→ **Work order**: Please transcribe the entries exactly and omit the images they contain.
*** Given data Section Begins ***
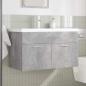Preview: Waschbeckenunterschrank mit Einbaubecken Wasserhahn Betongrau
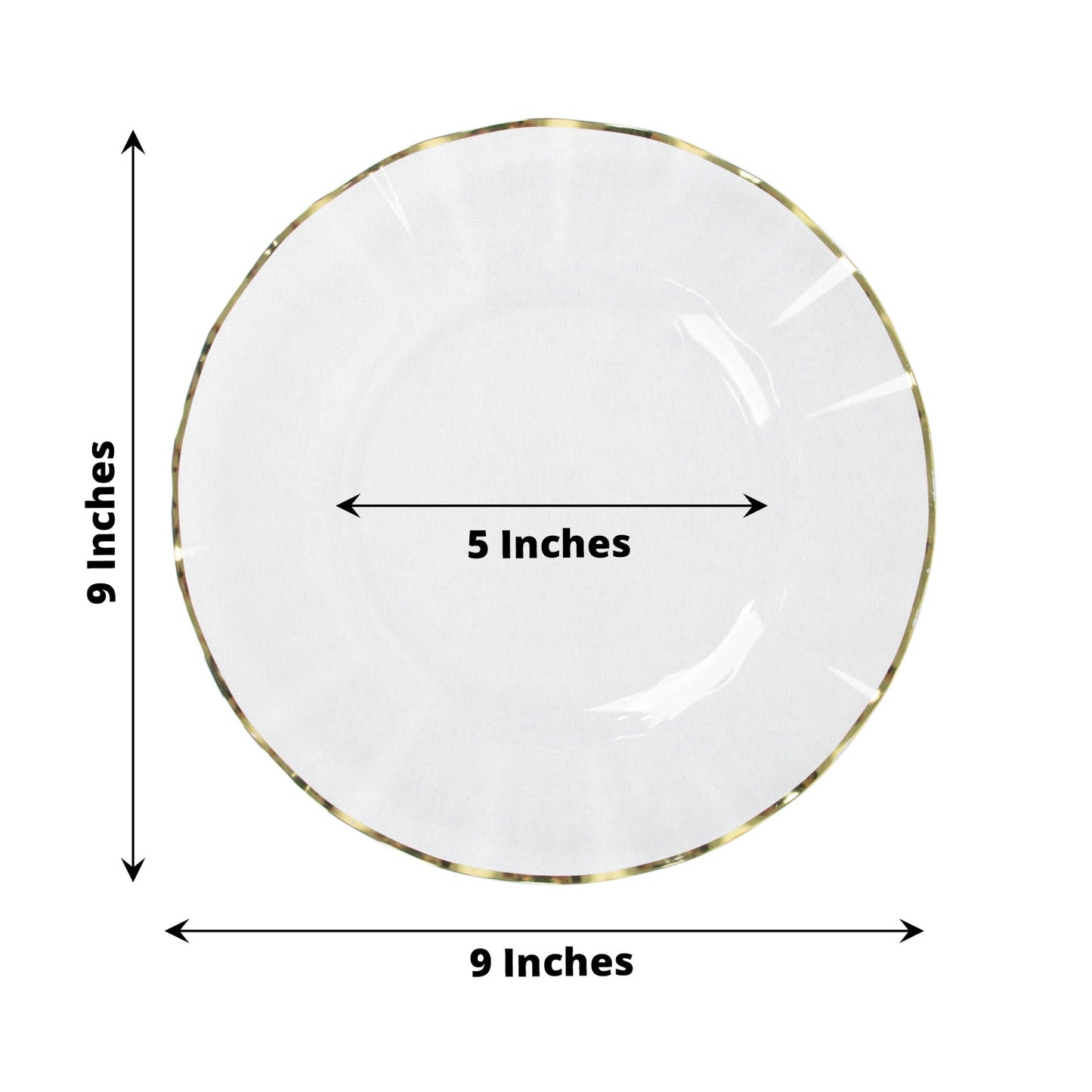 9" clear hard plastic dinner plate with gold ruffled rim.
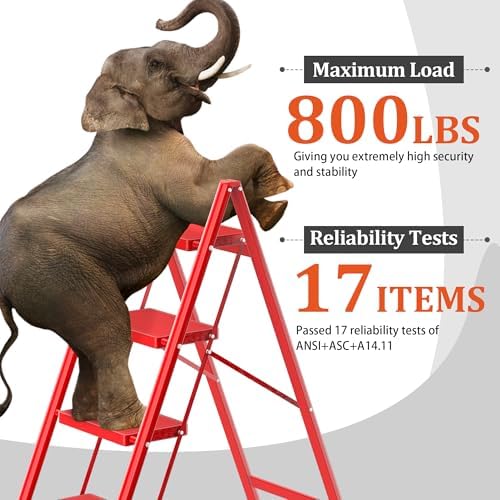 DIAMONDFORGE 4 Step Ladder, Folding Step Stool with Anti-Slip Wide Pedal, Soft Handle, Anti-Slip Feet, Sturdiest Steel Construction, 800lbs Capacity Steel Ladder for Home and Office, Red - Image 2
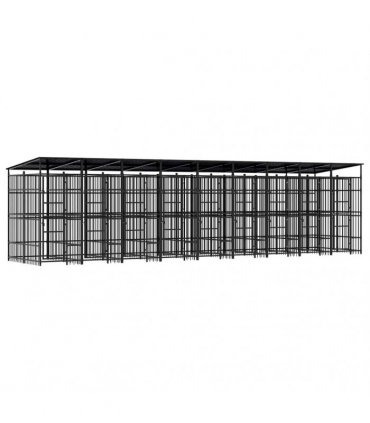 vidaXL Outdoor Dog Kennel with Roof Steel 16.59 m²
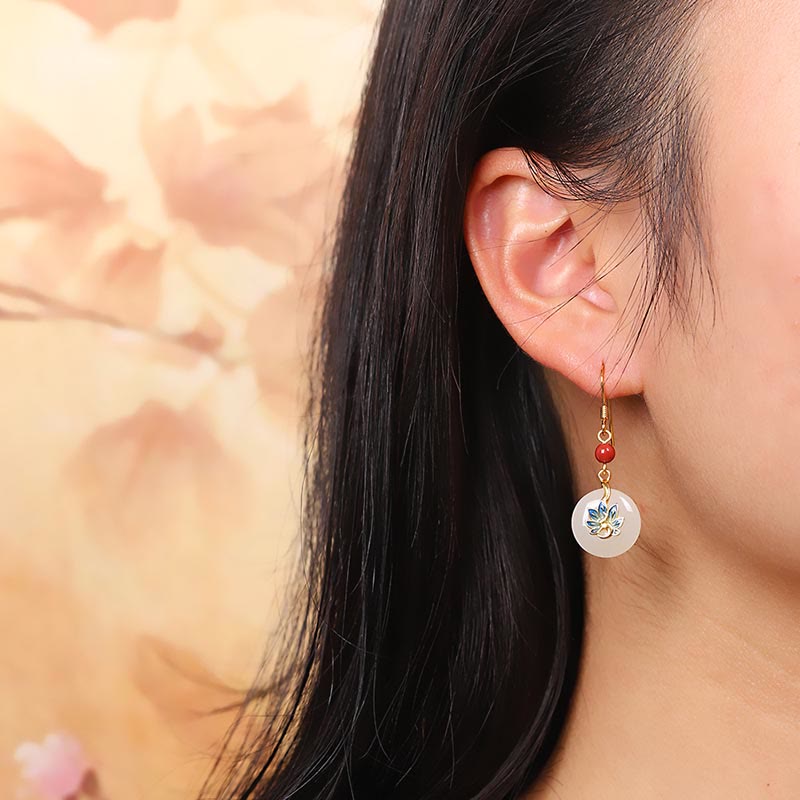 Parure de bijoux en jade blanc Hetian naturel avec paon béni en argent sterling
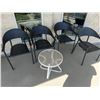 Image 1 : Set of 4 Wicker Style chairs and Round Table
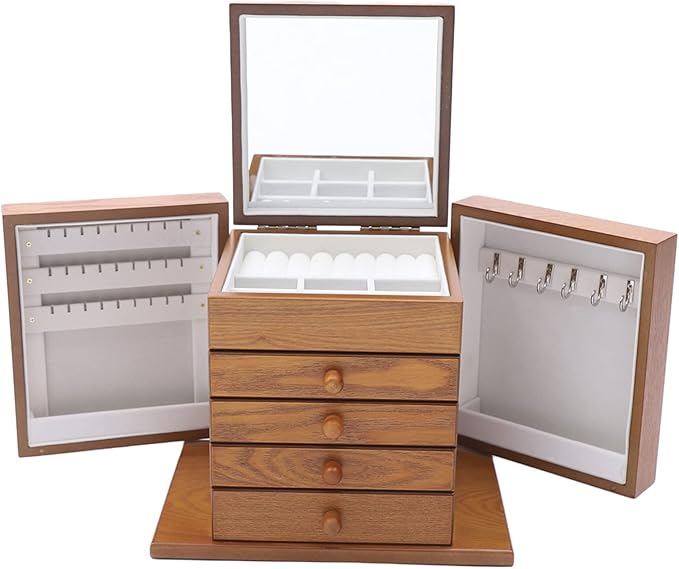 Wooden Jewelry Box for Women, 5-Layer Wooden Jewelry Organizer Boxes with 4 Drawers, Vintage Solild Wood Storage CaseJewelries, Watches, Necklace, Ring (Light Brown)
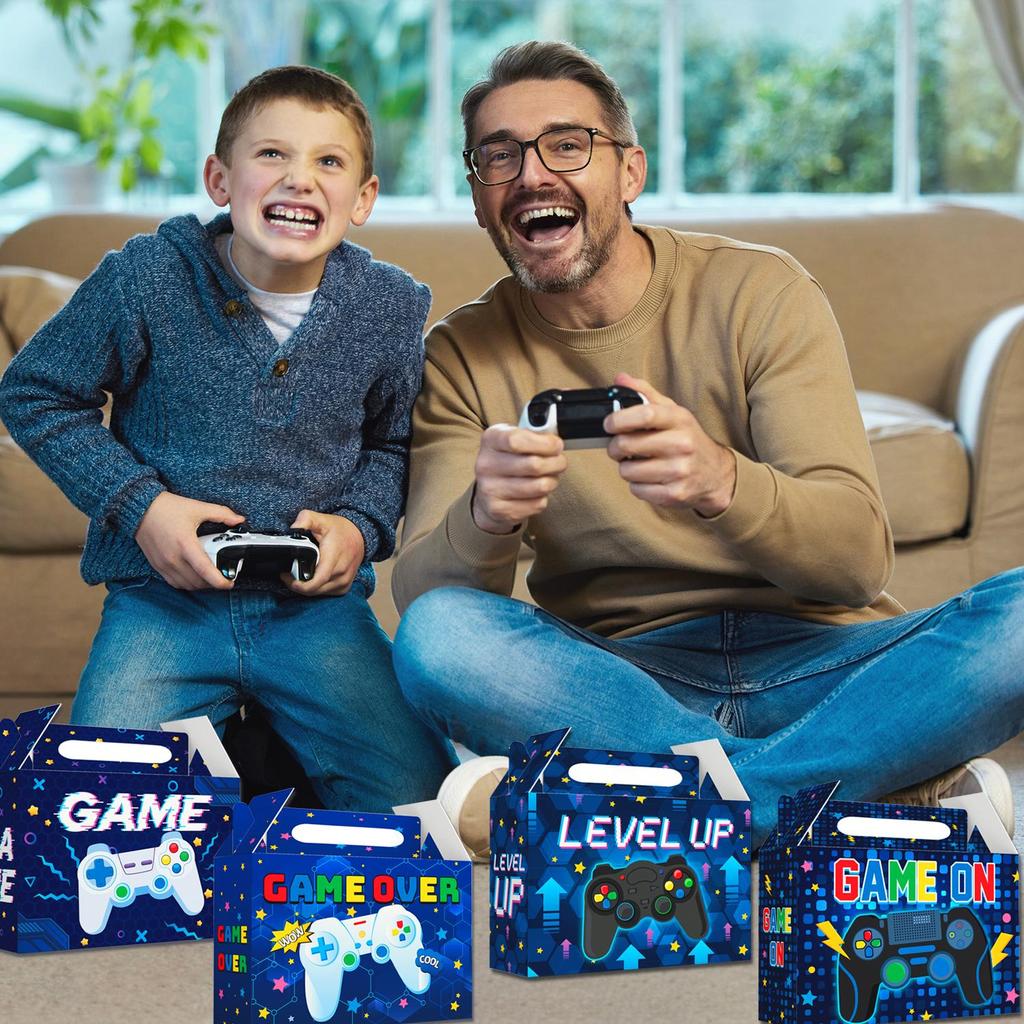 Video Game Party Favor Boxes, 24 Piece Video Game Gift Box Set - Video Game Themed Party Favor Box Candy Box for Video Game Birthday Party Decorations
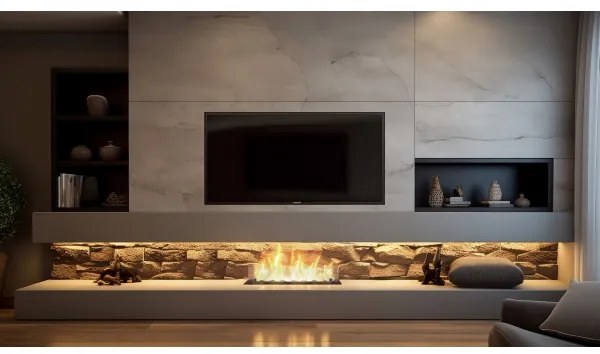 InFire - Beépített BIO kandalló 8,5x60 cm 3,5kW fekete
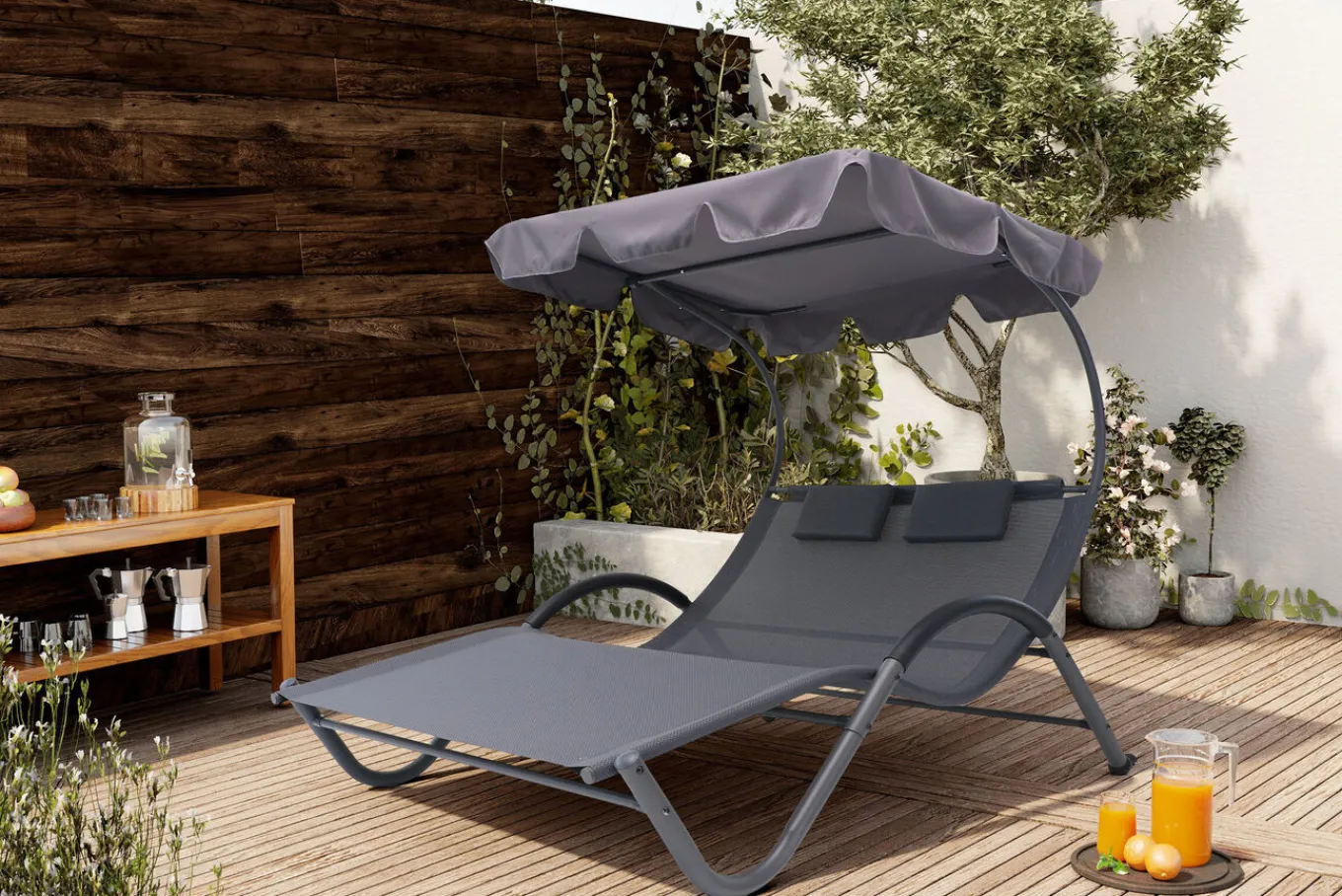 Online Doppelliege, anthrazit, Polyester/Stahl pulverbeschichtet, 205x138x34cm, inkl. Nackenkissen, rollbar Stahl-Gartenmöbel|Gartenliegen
*** Given data Section Ends ***
→ **Result of this task**:
Preview: Waschbeckenunterschrank mit Einbaubecken Wasserhahn Betongrau
 9" clear hard plastic dinner plate with gold ruffled rim.
 DIAMONDFORGE 4 Step Ladder, Folding Step Stool with Anti-Slip Wide Pedal, Soft Handle, Anti-Slip Feet, Sturdiest Steel Construction, 800lbs Capacity Steel Ladder for Home and Office, Red - Image 2
 vidaXL Outdoor Dog Kennel with Roof Steel 16.59 m²
 Parure de bijoux en jade blanc Hetian naturel avec paon béni en argent sterling
 Image 1 : Set of 4 Wicker Style chairs and Round Table
 Wooden Jewelry Box for Women, 5-Layer Wooden Jewelry Organizer Boxes with 4 Drawers, Vintage Solild Wood Storage CaseJewelries, Watches, Necklace, Ring (Light Brown)
 Video Game Party Favor Boxes, 24 Piece Video Game Gift Box Set - Video Game Themed Party Favor Box Candy Box for Video Game Birthday Party Decorations
 InFire - Beépített BIO kandalló 8,5x60 cm 3,5kW fekete
 Online Doppelliege, anthrazit, Polyester/Stahl pulverbeschichtet, 205x138x34cm, inkl. Nackenkissen, rollbar Stahl-Gartenmöbel|Gartenliegen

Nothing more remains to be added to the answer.